# About this exercise
Wherever the string "Stainless" shows up in the data below, copy the whole line.

# Data for this task
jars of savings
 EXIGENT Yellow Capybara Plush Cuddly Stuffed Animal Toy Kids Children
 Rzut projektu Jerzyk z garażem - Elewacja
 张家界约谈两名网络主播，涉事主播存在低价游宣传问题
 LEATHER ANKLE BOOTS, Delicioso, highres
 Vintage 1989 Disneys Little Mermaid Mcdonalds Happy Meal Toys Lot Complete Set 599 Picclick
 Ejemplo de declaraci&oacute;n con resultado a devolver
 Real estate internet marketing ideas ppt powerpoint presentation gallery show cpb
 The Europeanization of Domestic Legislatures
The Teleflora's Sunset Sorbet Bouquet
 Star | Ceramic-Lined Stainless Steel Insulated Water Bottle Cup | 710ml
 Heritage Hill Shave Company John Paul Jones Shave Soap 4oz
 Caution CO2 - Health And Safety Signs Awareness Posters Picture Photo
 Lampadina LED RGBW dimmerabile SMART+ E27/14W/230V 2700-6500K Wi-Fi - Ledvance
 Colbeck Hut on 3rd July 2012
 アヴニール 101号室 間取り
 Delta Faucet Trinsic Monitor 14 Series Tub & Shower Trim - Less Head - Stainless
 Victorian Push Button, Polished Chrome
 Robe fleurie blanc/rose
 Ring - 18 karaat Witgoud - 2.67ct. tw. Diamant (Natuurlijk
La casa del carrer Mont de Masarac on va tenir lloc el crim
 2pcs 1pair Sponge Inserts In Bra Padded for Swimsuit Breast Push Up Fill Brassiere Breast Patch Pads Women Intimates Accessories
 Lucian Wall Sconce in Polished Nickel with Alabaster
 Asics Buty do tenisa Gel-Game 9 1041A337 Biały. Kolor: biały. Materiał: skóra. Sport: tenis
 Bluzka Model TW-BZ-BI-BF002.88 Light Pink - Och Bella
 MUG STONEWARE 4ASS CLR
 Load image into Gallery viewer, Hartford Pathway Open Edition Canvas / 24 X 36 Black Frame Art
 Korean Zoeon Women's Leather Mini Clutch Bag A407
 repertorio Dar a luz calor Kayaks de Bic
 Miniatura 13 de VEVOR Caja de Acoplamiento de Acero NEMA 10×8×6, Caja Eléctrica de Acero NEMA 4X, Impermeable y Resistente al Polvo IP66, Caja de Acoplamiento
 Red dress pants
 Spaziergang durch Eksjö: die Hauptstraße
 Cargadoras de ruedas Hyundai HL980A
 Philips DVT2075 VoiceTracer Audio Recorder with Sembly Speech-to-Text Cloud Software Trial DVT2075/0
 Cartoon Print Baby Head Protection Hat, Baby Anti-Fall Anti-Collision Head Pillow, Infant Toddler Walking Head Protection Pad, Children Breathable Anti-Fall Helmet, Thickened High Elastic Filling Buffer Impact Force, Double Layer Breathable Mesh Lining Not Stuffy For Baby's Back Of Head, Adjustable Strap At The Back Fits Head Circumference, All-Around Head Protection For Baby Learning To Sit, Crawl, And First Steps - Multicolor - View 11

# Reply to the exercise
 Star | Ceramic-Lined Stainless Steel Insulated Water Bottle Cup | 710ml
 Delta Faucet Trinsic Monitor 14 Series Tub & Shower Trim - Less Head - Stainless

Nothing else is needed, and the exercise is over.